By Catherine Tymkiw
Political gridlock in Italy is unhinging investors.
Investors worry the results of Italy's election could wind up undermining the progress that Italy has made in overhauling its troubled economy.
"It was the worst possible outcome, feared by market participants and European policy-makers alike," said Daiwa Capital Markets European economist Tobias Blattner.
U.S. stocks spiraled downward in a late-day frenzied sell-off Monday. European markets followed their cue and sold off sharply early Tuesday.
CNNMoney's Fear & Greed Index tumbled into neutral -- a level it hasn't touched in two months. It bounced out of neutral into greed but is still sharply down from the extreme greed level it was sitting in just two days ago.
The volatility sent the market's other fear gauge, the VIX, up 35% in one day.
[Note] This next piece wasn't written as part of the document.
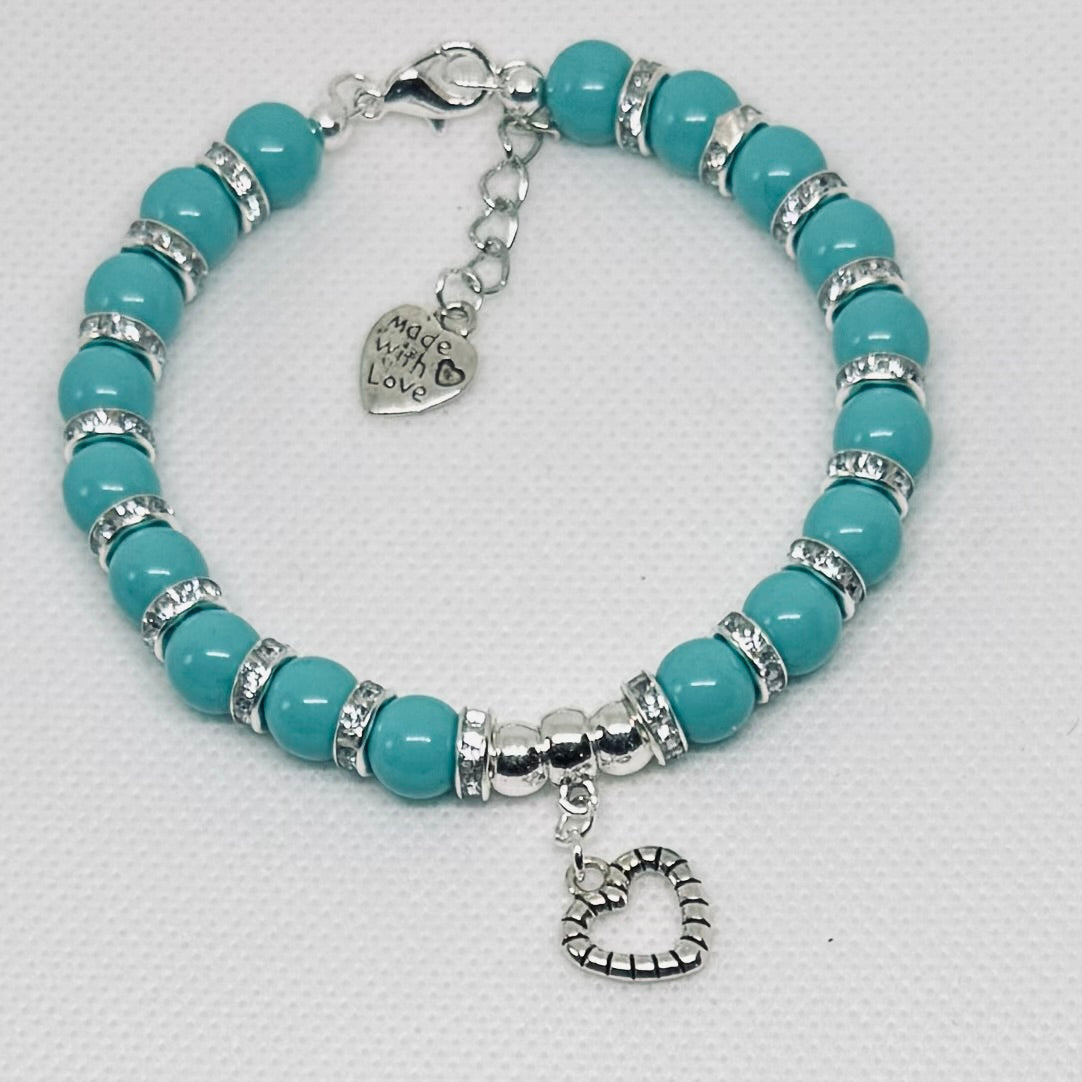 Turkis armbånd med hjerteanheng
The VIX has surged more than 54% over the past five days, though it was also easing a bit on Tuesday.
As investors fled riskier stocks, they poured back into the safe havens of U.S. Treasuries and gold. The yield on the 10-year Treasury note slid further below 2% and gold prices are back above $1,600.
It wasn't all that long ago that Italy was on the brink of seeking a bailout. If the current gridlock can't be broken, investors worry Europe's debt crisis could roil global markets.
Investors were already getting worried about the bull market. Since the start of the year, they've returned to stocks but the pace of inflows has slowed considerably in recent weeks. At the same time, bond funds continue to be favored, with billions of dollars flowing into bond mutual funds weekly.
Still, even with the Italian wall of worry, bond yields have a ways to go before hitting a new record low and stocks are still up 5% to 6% this year. And the volatility of the VIX may continue but, at 19, it's also a bit away from its fear trigger level of 30.
And consider this. The last time, CNNMoney's Fear & Greed Index was in neutral, investors were worried about the economy falling off the fiscal cliff. This time around, they aren't worried about Friday's looming deadline for forced budget cuts, or sequestration. Most think it's just a matter of time before lawmakers reach a deal.